As they currently sit with a 2-6 record, much of the chatter involving the Cincinnati Bengals pertains to what the team should do going forward.
Should they completely rebuild and start all over, or is it just a matter of making small changes here and there?
Like the title of this piece states, does it even matter?
When Mike Brown is your owner—with 200 career losses in 314 games since taking over the team in 1991—until he changes how he does business, it's irrelevant who is coaching/quarterbacking this team. It's a broken formula, and we fans have paid the price for it.
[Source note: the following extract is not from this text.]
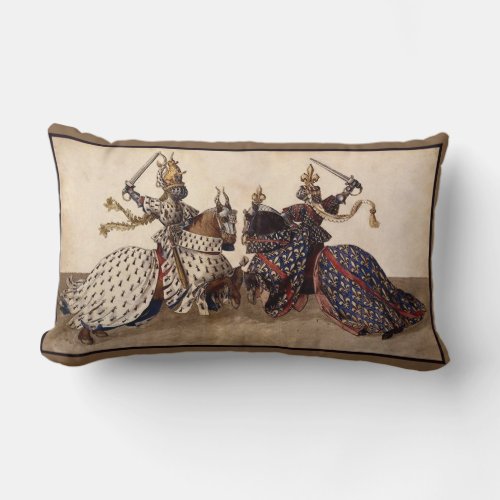 Knights jousting lumbar pillow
Sure, we get the occasional division title, and that ropes us into believing that things are changing in Bengal-land, but the more things change, the more they stay the same.
What does he care, though? Thanks to NFL revenue sharing, he's making money either way, and has a nice, full stadium every Sunday. He also cuts various corners, such as not hiring a GM or any sort of real, legitimate front office.
On numerous occasions, he has also completely undermined the authority of Marvin Lewis, such as when he brought back the late Chris Henry when Lewis wanted nothing to do with him.
Not that Lewis is completely blameless in his whole tenure (another article for another day), but this is one situation where he got wronged, and the players see this stuff and read between the lines. They know what's going on and see who is really in charge.
No legitimate coach is ever going to come here with stuff like that going on combined with the overall cheap ways of the organization. Getting someone like Jon Gruden or Bill Cowher is a pipe dream.
In terms of player personnel, outside of Leon Hall, Johnathan Joseph and arguably Carson Palmer, which of our draft picks have panned out in recent memory? We are still waiting on Andre Smith, Jerome Simpson, Rey Maualuga and Keith Rivers from recent draft classes.
The latter two are solid, but not game changers as of yet, and Rivers, so far, is better known for being destroyed by Hines Ward than anything else.
Jordan Shipley and Jermaine Gresham have shown promise, but will they be properly utilized over the long haul? It's a coaching issue, which goes to show that this whole thing is cyclical.
As for Carson Palmer, his eventual replacement may or may not be on the way, but whomever that guy is, he won't be in any sort of desirable situation.
It's sad to be writing a piece like this, but I'm realistic. Many positions can be filled through the NFL draft, but unfortunately, there isn't an owner draft.